A certain crowd-pleaser, the employee bonus, is always a welcomed reward. And, nothing says “company success” like an employee parking lot filled with newly leased BMWs and Audis. Ideally suited for highlighting the accomplishments of a specifically targeted goal, the lump sum cash bonus has multiple advantages. With a bonus, you have tied a very specific dollar figure to a very specific set of behaviors and their resulting outcome. You have created results-oriented employees who are fully vested in the team’s success. And as quickly as the check is deposited, your employees are looking for the next challenge to tackle to earn, yet, another win for the company and for their bank account.
The down-side? When the bonus becomes expected, the work one puts in to earn it sometimes goes by the wayside. Get ahead of that by very specifically outlining what it takes to earn a bonus with measurable tools that benefit the bottom line. This way, employees tie their actions to measurable, success-oriented results.

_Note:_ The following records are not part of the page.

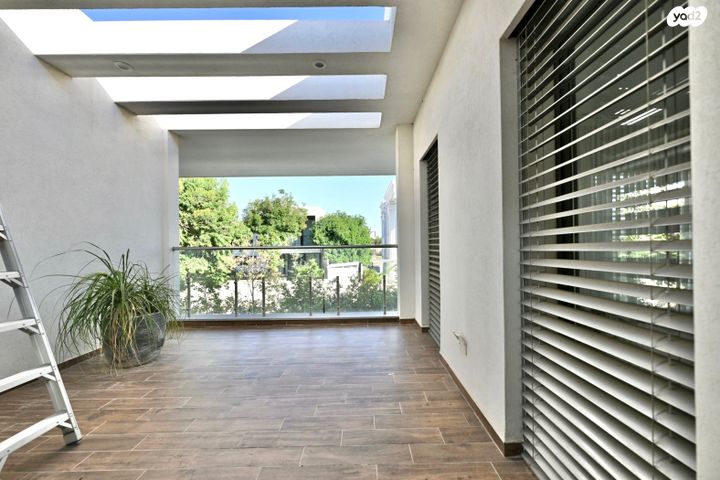 בית פרטי/ קוטג', הכורכר, אירוס, אירוס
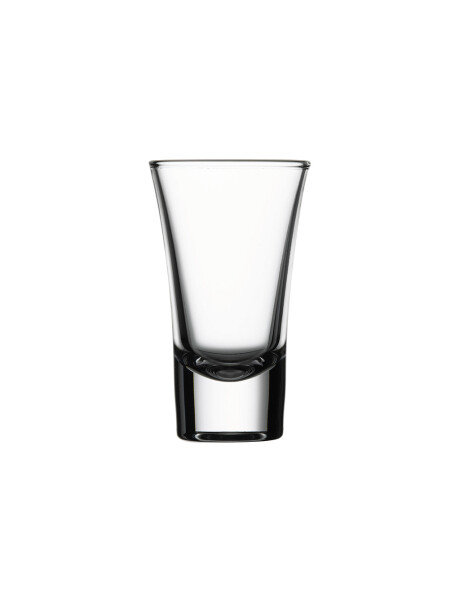 VASO LICOR 60 CC. BOSTON SHOTS PASABAHCE VASO LICOR 60 CC. BOSTON SHOTS PASABAHCE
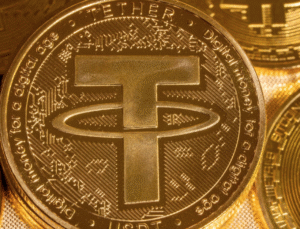 ABD’den Stablecoin Hamlesi: GENIUS Act Kripto Dünyasını Sarsacak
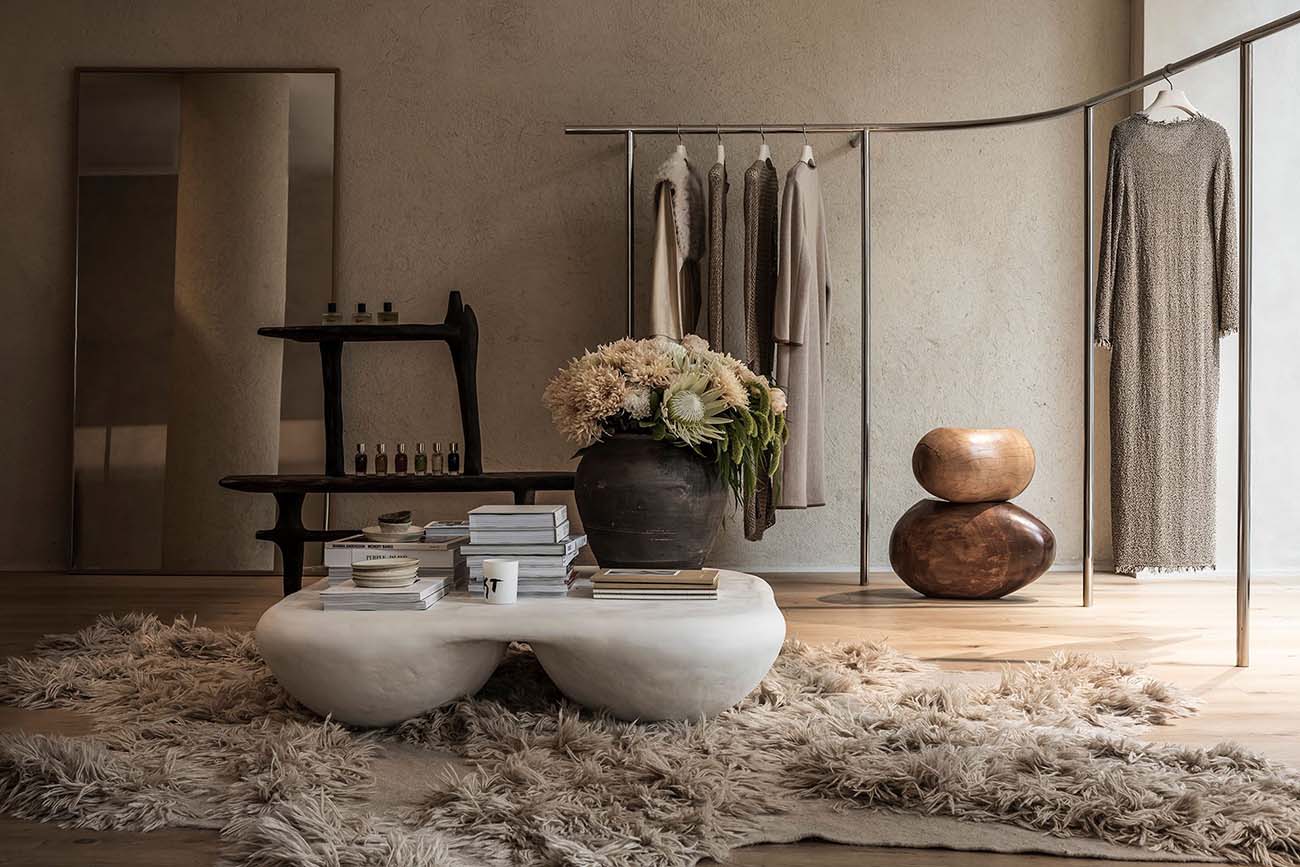 By Malene Birger interieur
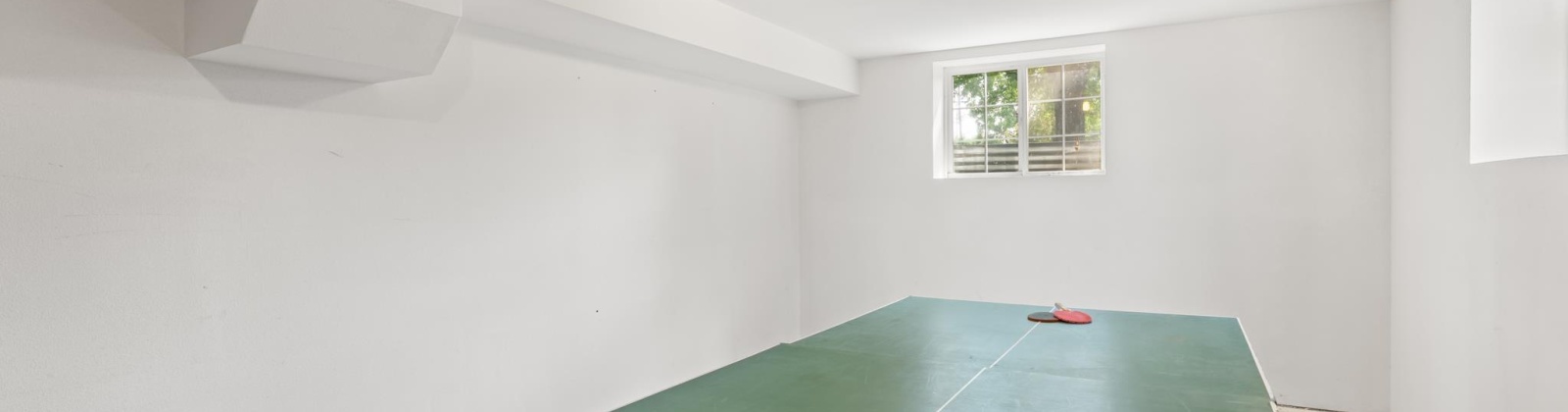 Lake Road, Burbank, Washington 99323-0930, 3 Bedrooms Bedrooms, 0 ,3 BathroomsBathrooms,Houses,For Sale,Lake Road,0,287373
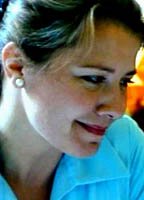 Гося Добровольска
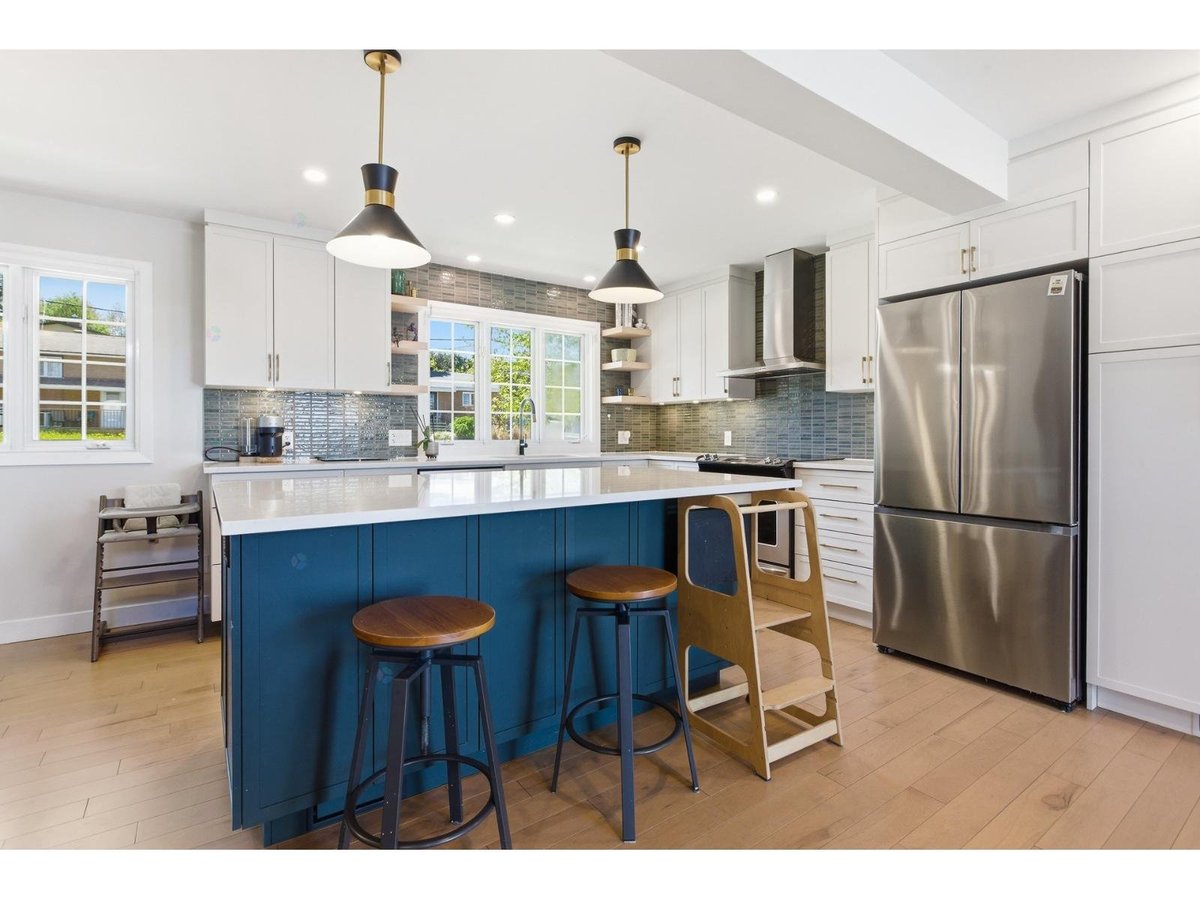12 Rue Boulay - Photo 4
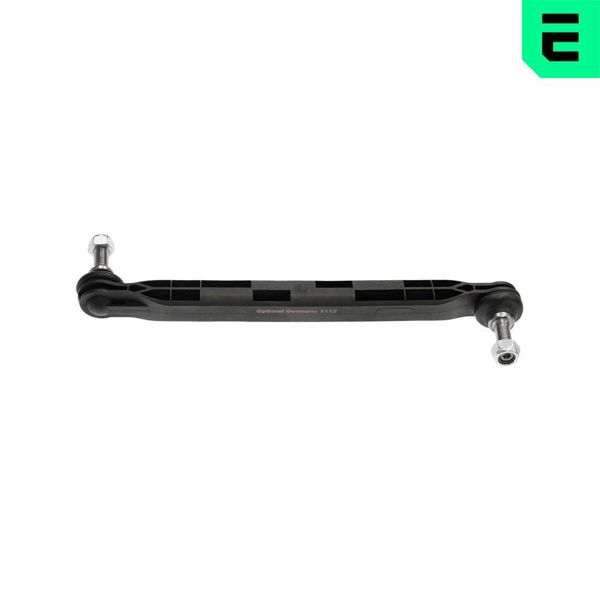 OPTIMAL G7-1428 | Z-Rot Ön R / L (Chevrolet Cruze 09 / 12 / Opel Astra J) Plastik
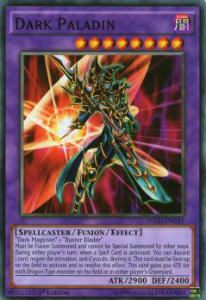 楽天市場】超魔導剣士ブラックパラディンの通販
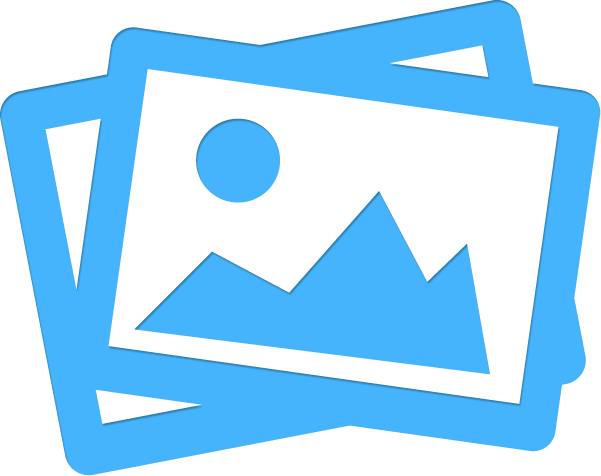 No image icon #23502 - Free Icons and PNG Backgrounds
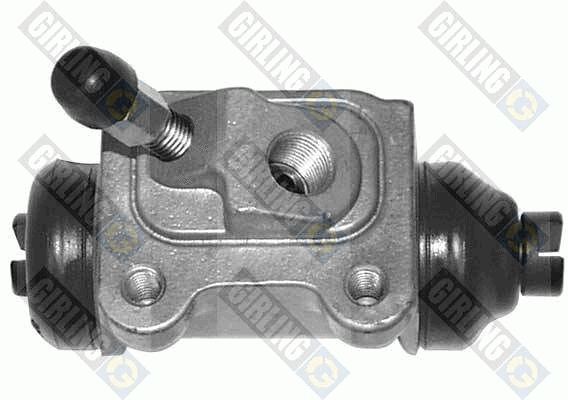 Wheel Brake Cylinder (5003203)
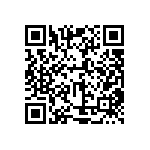 XHP35A-H0-0000-0D0BC457E QRCode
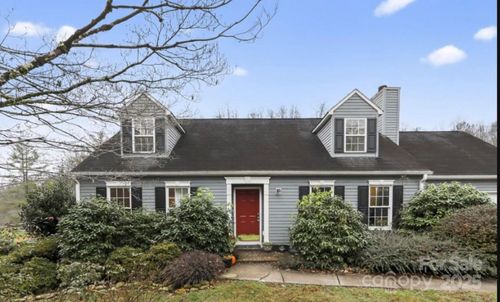 67 Beechwood Dr, Horse Shoe, NC, 28742-9706 | Card Image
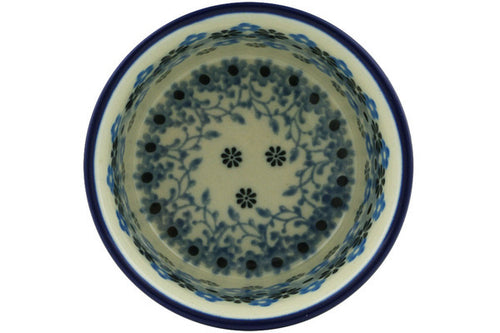 H1699H_1 (2015-11-22 12:10:44) H1699H_1 (2015-11-22 12:10:44)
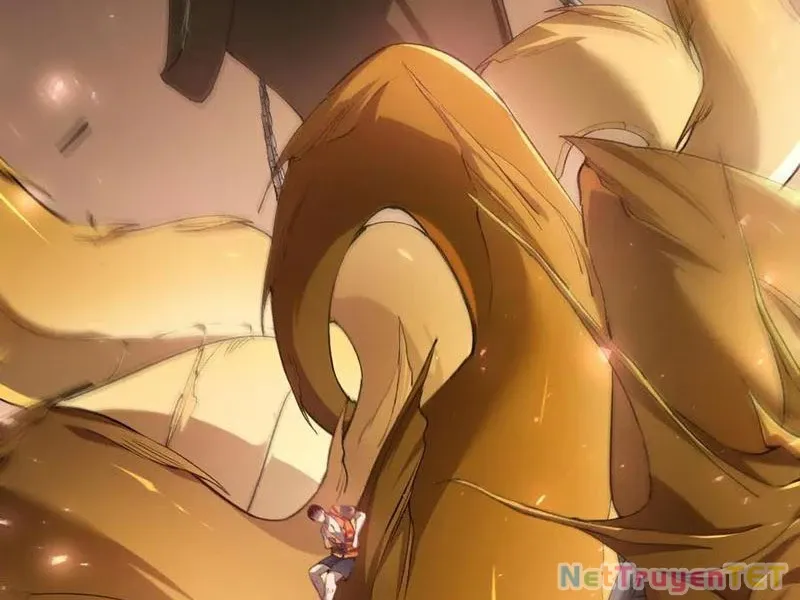 đọc truyện Ta Là Chúa Tể Trùng Độc Chương 42 ảnh 24 tại Thiên Thai Truyện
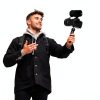 Sennheiser MKE 400 Video Shotgun Microphone-7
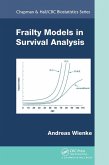 Frailty Models in Survival Analysis Frailty Models in Survival Analysis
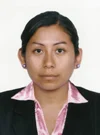 Foto de Dr. Cyndi Marie Peña la Madrid
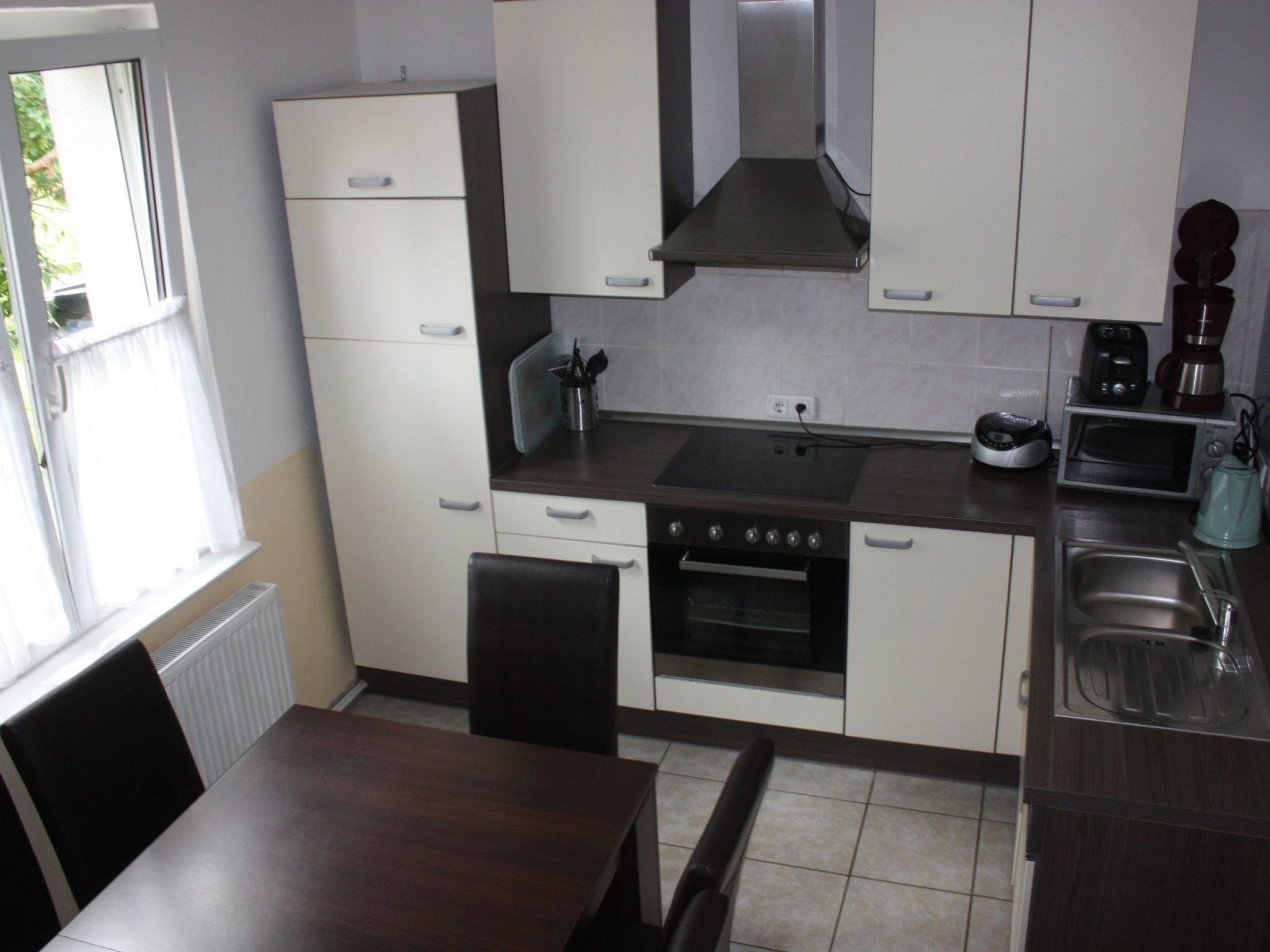 Schwalbe-Image-tags.info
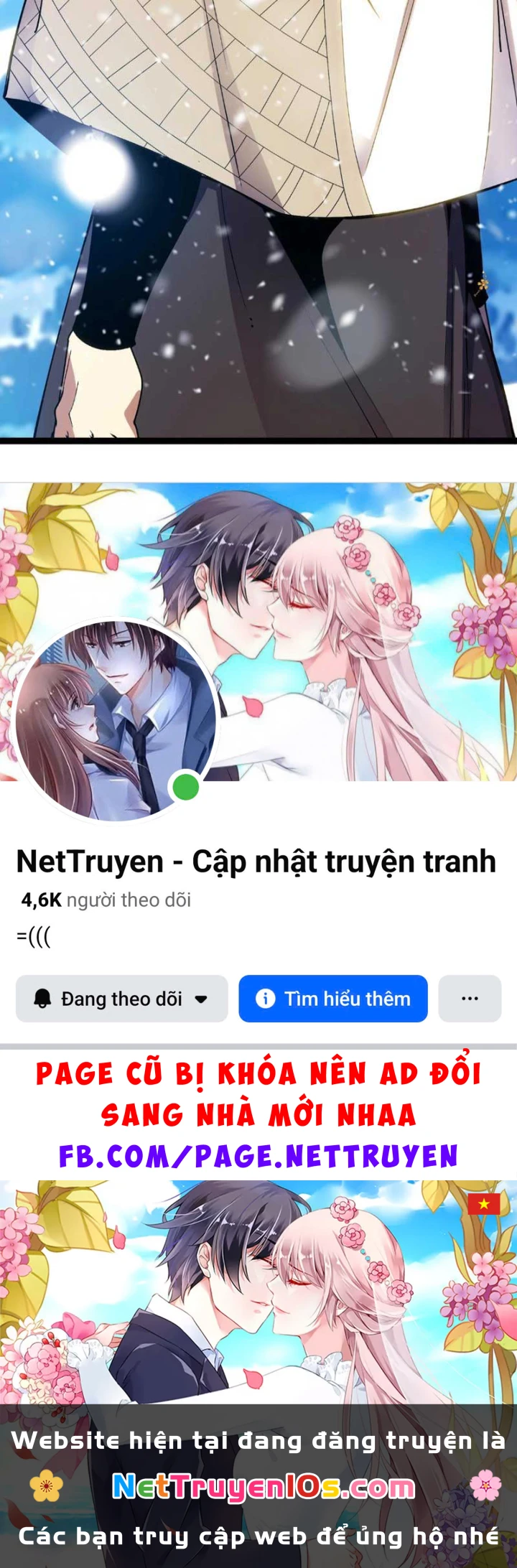 Titan Rèn Sao Chapter 2 - 109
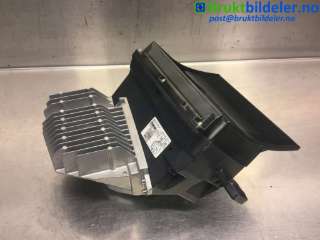 Instrumentpanel til BMW X3, 2010-2017 (F25) (F25) (BMW|6230-9 240 168|170893-10)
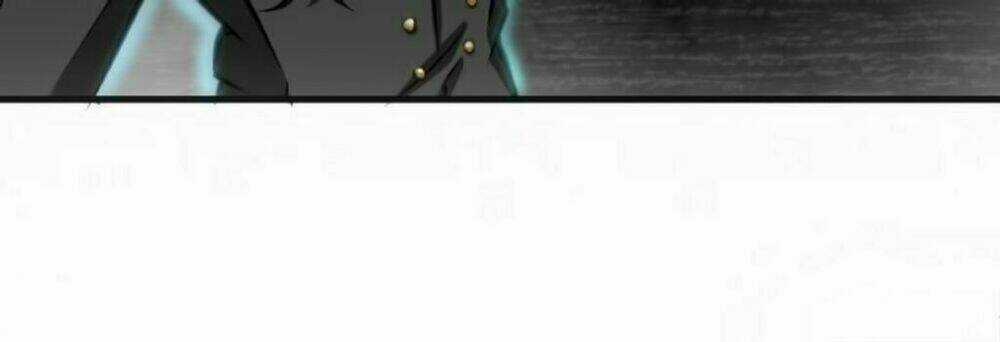 Thả Vu Nữ Đó Ra Chapter 11 trang 23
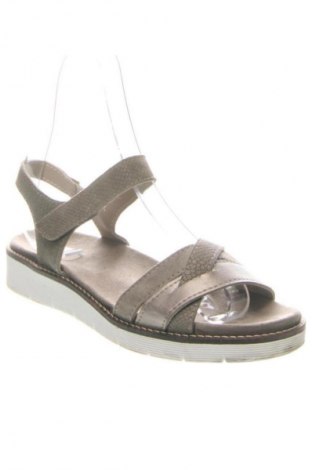 Sandále Unbranded, Veľkosť 38, Farba Viacfarebná, Cena  21,95 €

Now, it gets serious. Although typically not as large as the lump sum bonus, overtime pay and salary increases are certainly more valuable to the employee. An increase in salary tends to give the employee a sense of belonging and appreciation in an organization, as well as, what value they, as an employee, bring to the table. If employee retention is a key value for your organization, then increasing base salaries may be your best option. However, would it be sustainable? That’s where you really need to evaluate your organization’s position and its continued, projected growth. Sure, increased salaries would be great; yet, managing during a potential downturn could prove challenging. Whether you are an owner, manager or employee – no one wants to deal with having to eliminate jobs.
Whether you reward exemplary employee service with bonuses or salaries, realize this one fact:
Recognizing where your success lies – in the work of your team – is what effective management is all about. Therefore, whichever route you take with rewarding success, do so with the appreciation your employees deserve – and don’t forget to say, “Thank you!”